HowTo: Ein eigener Lötworkshop


Ihr wollt euren eigenen Lötworkshop starten oder euren eigenen Lötworkshop verbessern? Wir selbst veranstalten viele Lötworkshops im Jahr und haben schon etwa 8500 Menschen das Löten beigebracht. Was wir da gelernt haben und welche Tipps und Tricks es gibt zeigen wir euch hier.


Der Lötarbeitsplatz

Für einen einfachen Lötarbeitsplatz wird nicht viel benötigt:

  • Lötkolben/Lötstation: Die Station/Der Kolben brauchen nicht top-modern oder neu sein.
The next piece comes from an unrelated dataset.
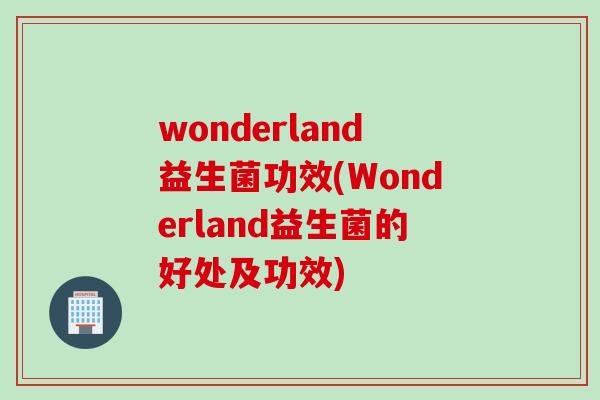 wonderland益生菌功效(Wonderland益生菌的好处及功效)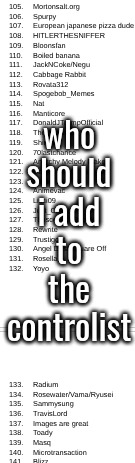 who should i add to the controlist | made w/ Imgflip meme maker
Es reicht die Kategorie 20-30€. Du kannst dir auch einfach eine Station oder Lötkolben von anderen Hackspaces/Freunden/Mint-Labs ausleihen. Alternativ geht auch "bring your own device".
  • Lötzinn: Am besten 0,5mm bis 1mm unverbleites Lötzinn. Wir haben sehr gute Erfahrungen mit „Felder Iso-Core EL SN95,5AG3,8Cu0,7“ bzw. „Fairlötet“ (gibt es wohl leider nicht mehr) gemacht. Verbleites Lot sollte für Lötworkshops nicht mehr verwendet werden!
  • Unterlage: Eine feuerfeste Unterlage mind. DIN A4 groß (z.B. Holzbrett, Silikonunterlage oder (zerschnittene) ESD-Matte)
  • Seitenschneider: Kleiner Seitenschneider oder Elektronikschneider. Wir haben die Erfahrung gemacht: Wer billig kauft, kauft fünfmal. Elektronikseitenschneider gehen nur wenn du auch wirklich nur sehr sehr dünnen Draht/Beinchen hast. Sobald mal Schmuckdraht, dickerer Kupferdraht geschnitten wird, gehen die schnell in die Knie. Wir sind mittlerweile auf große dicke Seitenschneider von einer bekannten Marke umgestiegen.
  • Schutzbrille: Eine Standard Schutzbrille z.B. aus dem Chemiebaukasten oder Werkunterricht. Weniger wichtig beim löten, aber beim abknipsen von Beinchen oder Draht fliegt gerne mal ein Stück durch die Luft.
  • Lötrauchabsaugung: Wenn du hast, eine spezielle Lötrauchabsaugung. Wir haben den Humo TODO im Angebot. - Erwachsener: Bei Kindern muss ein Erwachsener bzw. Aufsichtspersonal dabei sein.
  • Dritte Hand: Ein Hilfsmittel zum halten von Bauteilen und Platinen. Oft echt praktisch.
Optional - Nicht unbedingt nötig, aber oft praktisch und wenn es da ist wird es meist auch genutzt:

  • Pinzette: Eine Pinzette mit feinen Spitzen, mit der Du die Bauteile beim Löten festhältst. Bei SMD-Bauteilen nicht optional und unverzichtbar. Wir verwenden ein günstiges 12er Pinzettenset. Ideal sind natürlich die teuren, die verbiegen nicht so leicht.
  • Klebestreifen: Standard Klebestreifen. Kreppband geht auch, Panzertape klappt nicht gut. Bei SMD-Bauteilen stark zu empfehlen. Damit kann man die Platine auf die Unterlage pappen bzw. Chips gut aufnehmen und platzieren.
  • Entlötlitze: Spezielle Kupferlitze zum entlöten (~2€ im Internet). Wird aber eher selten gebraucht 
  • Entlötpumpe: Eine spezielle Pumpe zum abpumpen von zu viel Lötzinn. Nur praktisch wenn du schonmal damit gearbeitet hast. Ansonsten reicht Entlötlitze.
  • SMD-Spitzen: Sollte dein Lötkolben austauschbare Spitzen haben, wäre eine feinere SMD Spitze toll für die SMD-Workshops.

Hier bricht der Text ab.